======== SOURCE DATA
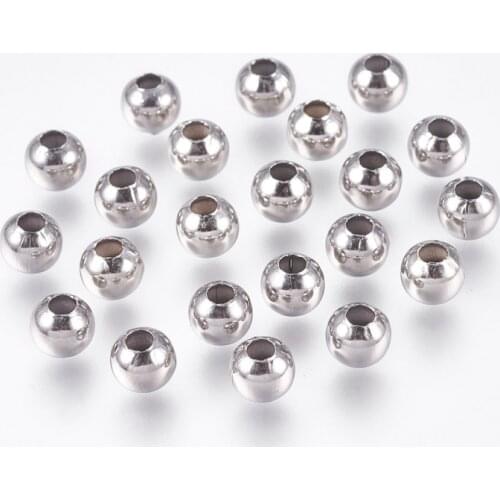 200pcs 4 5 6mm Round 304 Stainless Steel Spacer Beads Metal Bead for Jewelry Making Supplies DIY Bracelet Necklace Craft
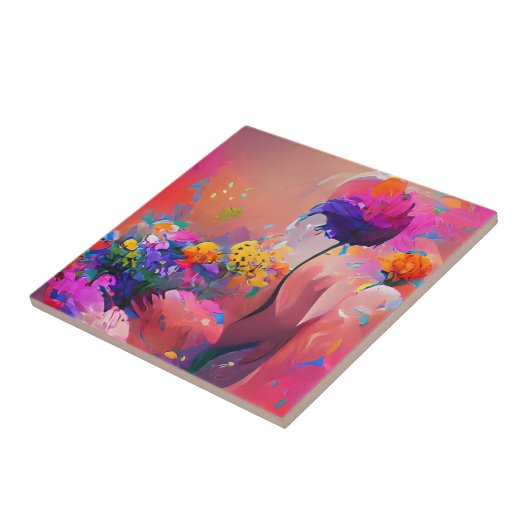 Blumen fuchsiengelbe lila Digitalkunst Fliese (Seite)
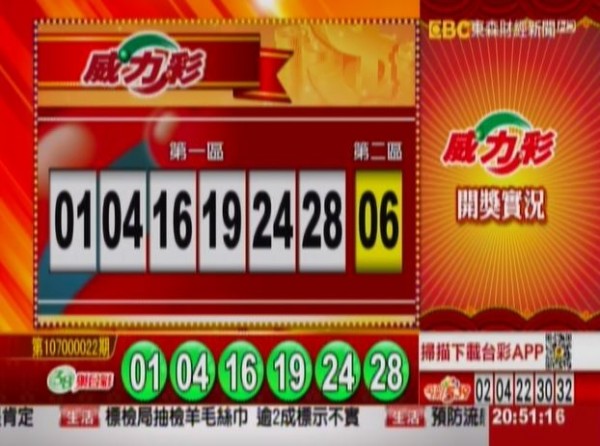威力彩、38樂合彩開獎獎號。（圖擷取自東森財經新聞）
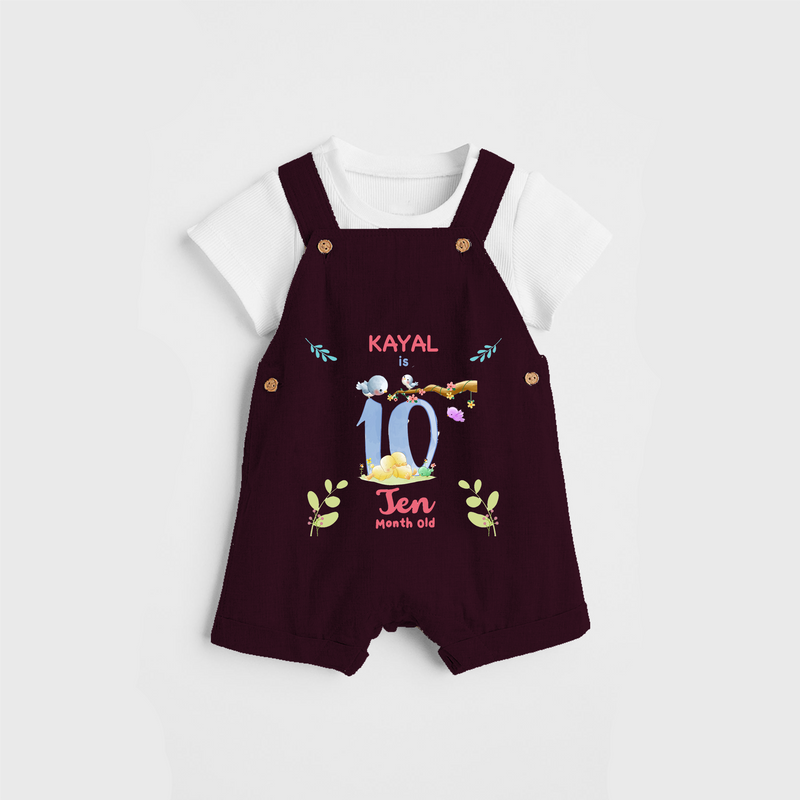 Celebrate The 10th Month Birthday Custom Dungaree set, Personalized with your little one's name - MAROON - 0 - 5 Months Old (Chest 17")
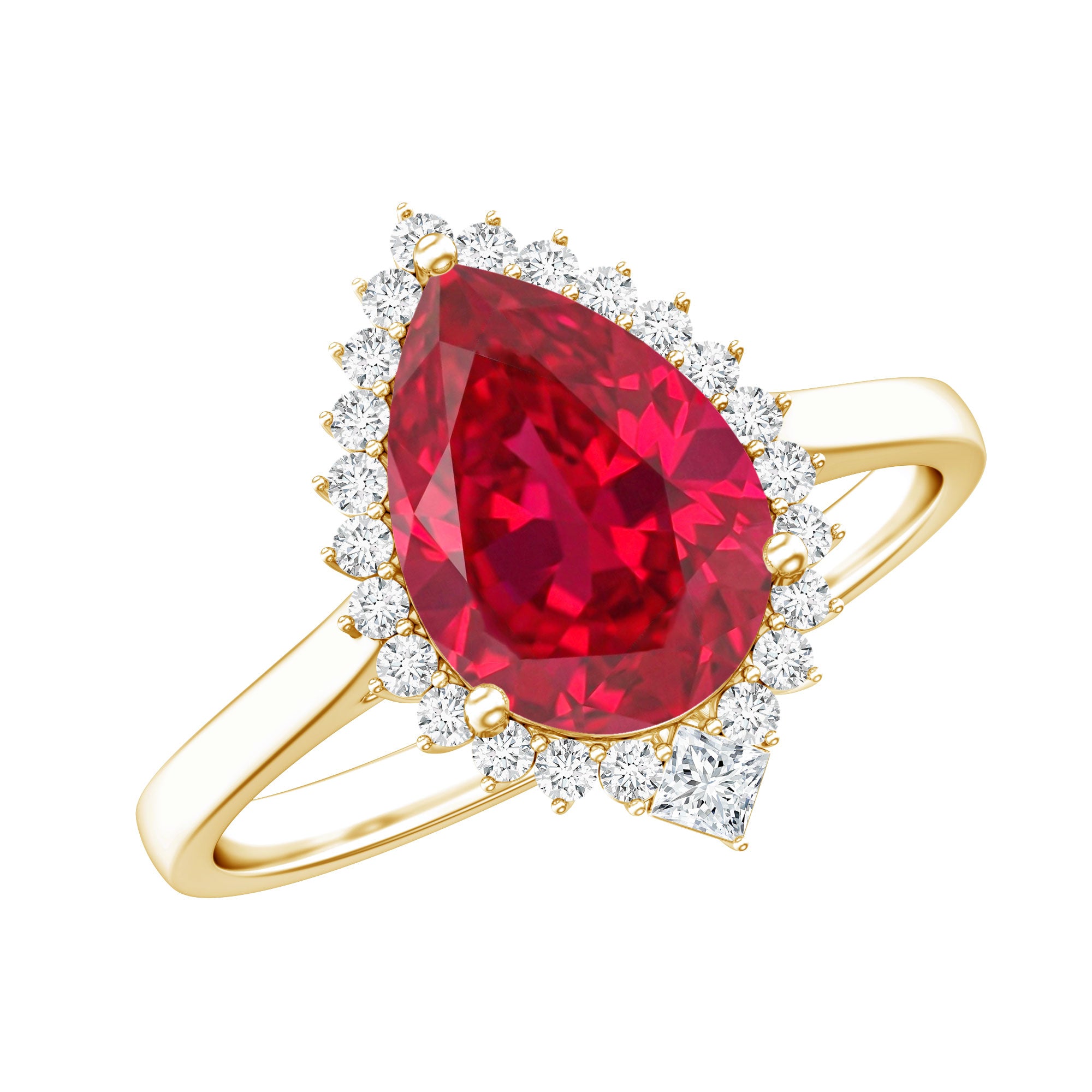Lab Ruby Teardrop Engagement Ring with Diamond Halo AAAA - Rosec Jewels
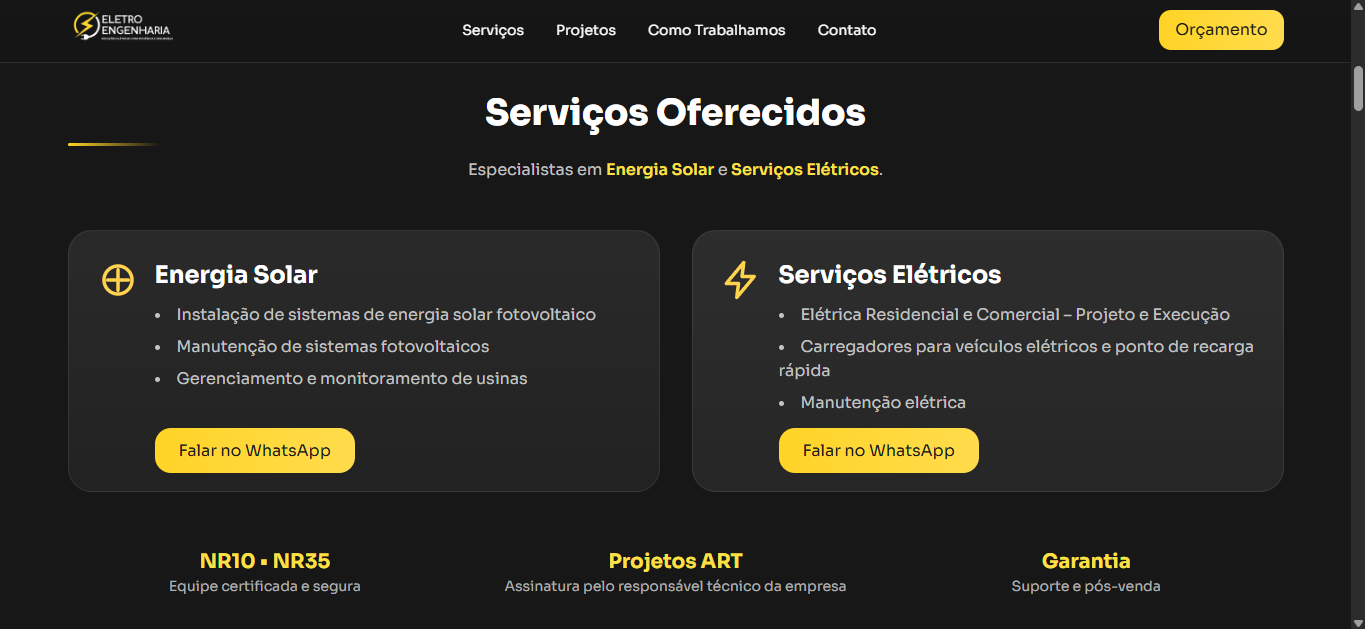 Tela principal ELETRO ENGENHARIA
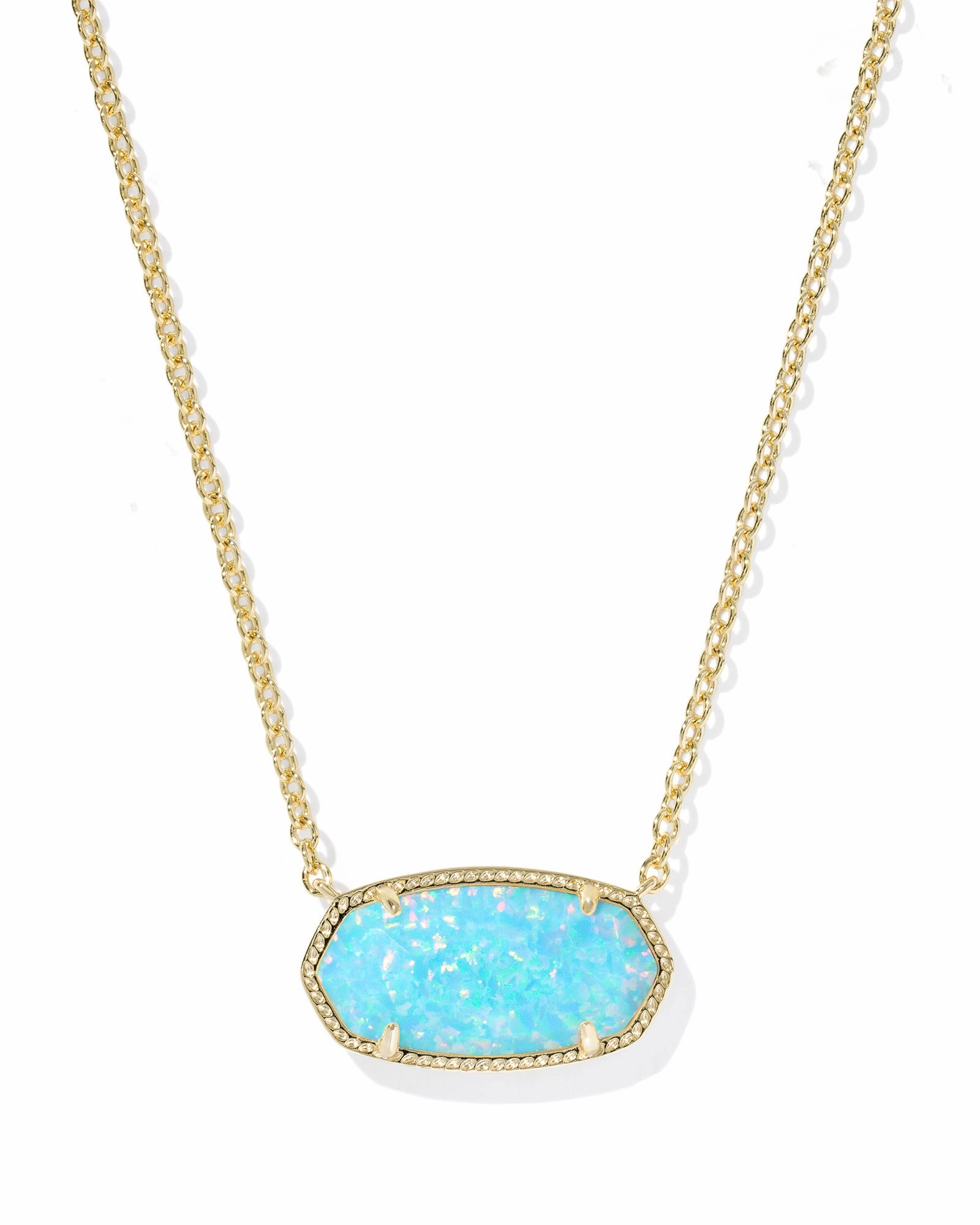 Kendra Scott Elisa Statement Gold Light Teal Kyocera Opal Short Pendant Necklace Gift For Him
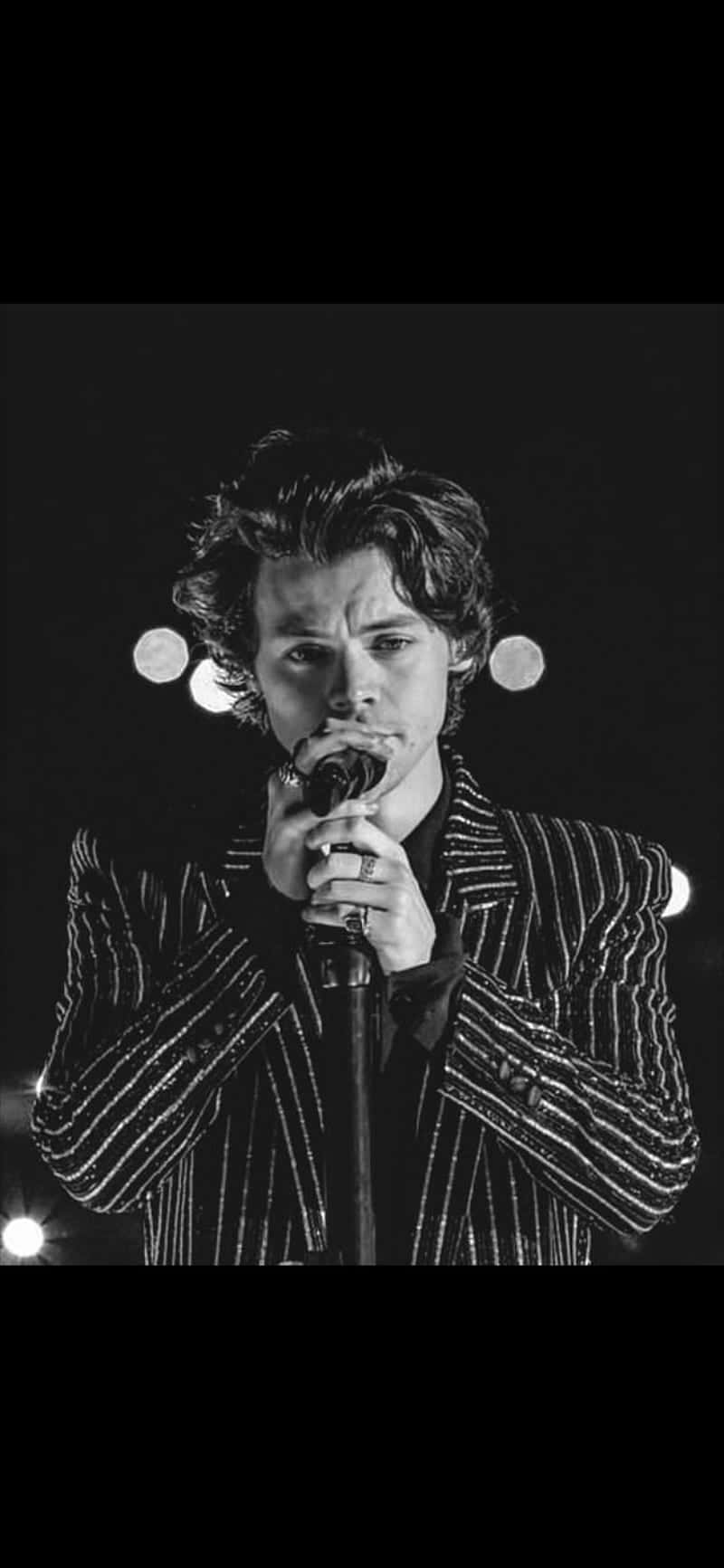 Singing Harry Styles Black And White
================
Apart from the pictures, set down all the entries above exactly.

 200pcs 4 5 6mm Round 304 Stainless Steel Spacer Beads Metal Bead for Jewelry Making Supplies DIY Bracelet Necklace Craft
 Blumen fuchsiengelbe lila Digitalkunst Fliese (Seite)
威力彩、38樂合彩開獎獎號。（圖擷取自東森財經新聞）
 Celebrate The 10th Month Birthday Custom Dungaree set, Personalized with your little one's name - MAROON - 0 - 5 Months Old (Chest 17")
Lab Ruby Teardrop Engagement Ring with Diamond Halo AAAA - Rosec Jewels
 Tela principal ELETRO ENGENHARIA
 Kendra Scott Elisa Statement Gold Light Teal Kyocera Opal Short Pendant Necklace Gift For Him
 Singing Harry Styles Black And White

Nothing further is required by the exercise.